On 8 Jan 2014, at 4:34 pm, Gao,Yan <ygao(a)suse.com> wrote:
On 01/08/14 12:19, Andrew Beekhof wrote:
>
> On 8 Jan 2014, at 2:42 pm, Gao,Yan <ygao(a)suse.com> wrote:
>
>> Hi Andrew,
>> On 01/08/14 05:35, Andrew Beekhof wrote:
>>>
>>> On 8 Jan 2014, at 4:58 am, Gao,Yan <ygao(a)suse.com> wrote:
>>>
>>>> Hi Andrew, David,
>>>>
>>>> This is a scenario from an user:
>>>> Two nodes with 64 DRBD resources, running the latest throttling code.
>>>> The user wants as high as possible concurrency. So they started with the
>>>> following configuration:
>>>>
>>>> LRMD_MAX_CHILDREN=64
>>>
>>> This is almost certainly a horribly inappropriate value to use.
>>> How many cores do these boxes have? I'm guessing less than 16.
>> Each of them has 24 cores.
>
> Thats actually pretty respectable :)
> Alas, it probably makes things worse for the cib - since the updates are likely
taking longer than the actual operations.
>
> These guys are going to love the new cib code :)
Really looking forward to that :-)
Have you run it yet?
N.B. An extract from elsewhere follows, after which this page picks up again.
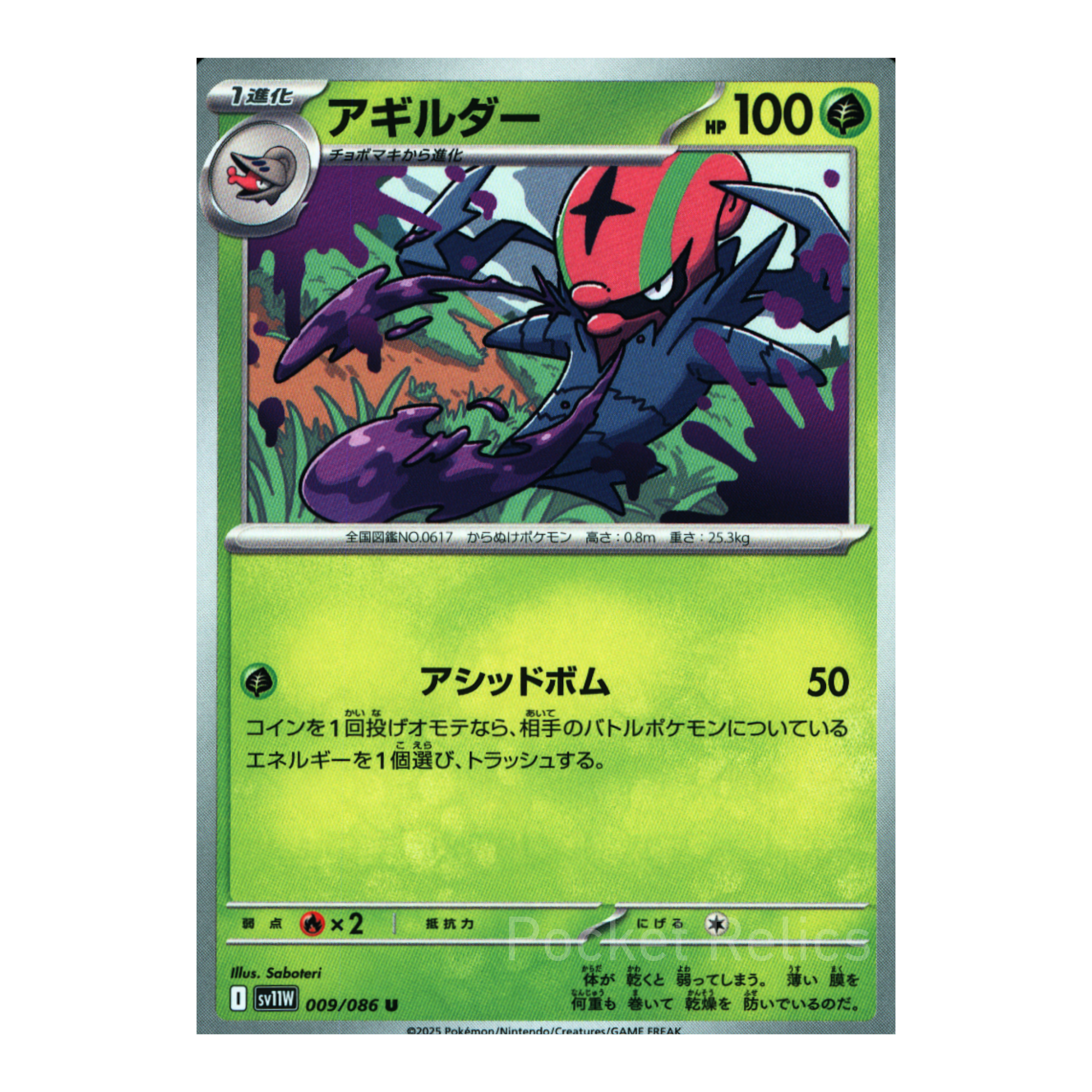 White Flare SV11w – Complete Normal Card Set - 86 Japanese Cards (Normal + RR)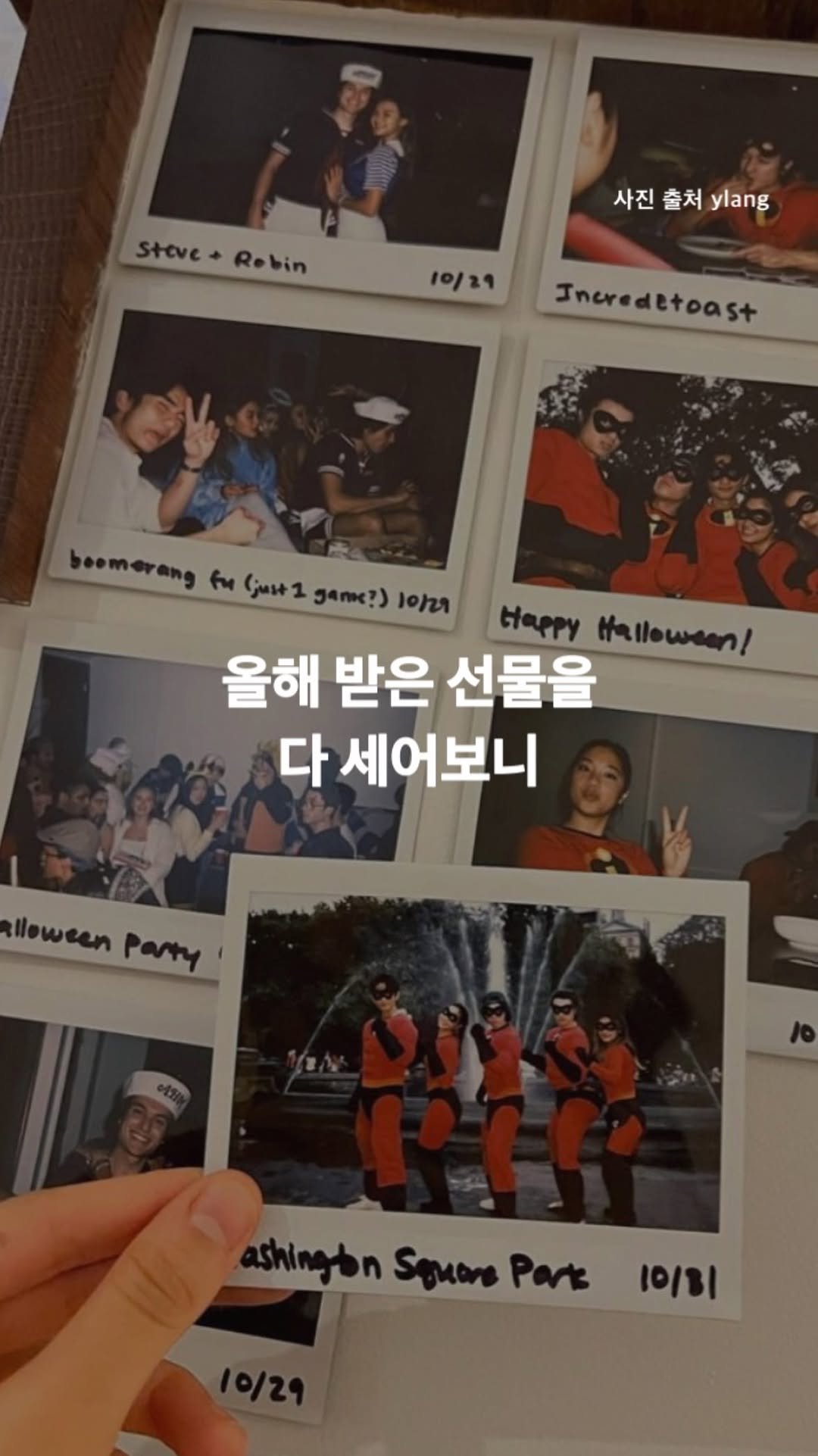 bible365_ 게시물 이미지: 어찌저찌 지날 수 있던 것도, 그때 버틸 수 있었던 것도
생각해보면 하나님의 크신...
Should be in a good state
Regards,
Gao,Yan
>
>>
>>>
>>>> load-threshold=0%
>>>>
>>>> 1. Start/Promote 64 DRBD resources [PASS].
>>>>
>>>> 2. Shutdown one node at 09:32:51. Quite some failures like the following
>>>> are encountered when the notify actions invoke "crm_master":
>>>>
>>>> Jan 5 09:33:08 liona drbd(happy21-drbdclone)[6714]: ERROR: happy21:
>>>> Called /usr/sbin/crm_master -Q -l reboot -v 10000
>>>> Jan 5 09:33:08 liona drbd(happy21-drbdclone)[6714]: ERROR: happy21:
>>>> Exit code 107
>>>> Jan 5 09:33:08 liona drbd(happy21-drbdclone)[6714]: ERROR: happy21:
>>>> Command output:
>>>> Jan 5 09:33:08 liona lrmd[25655]: notice: operation_finished:
>>>> happy21-drbdclone_notify_0:6714:stderr [ Could not establish cib_rw
>>>> connection: Resource temporarily unavailable (11) ]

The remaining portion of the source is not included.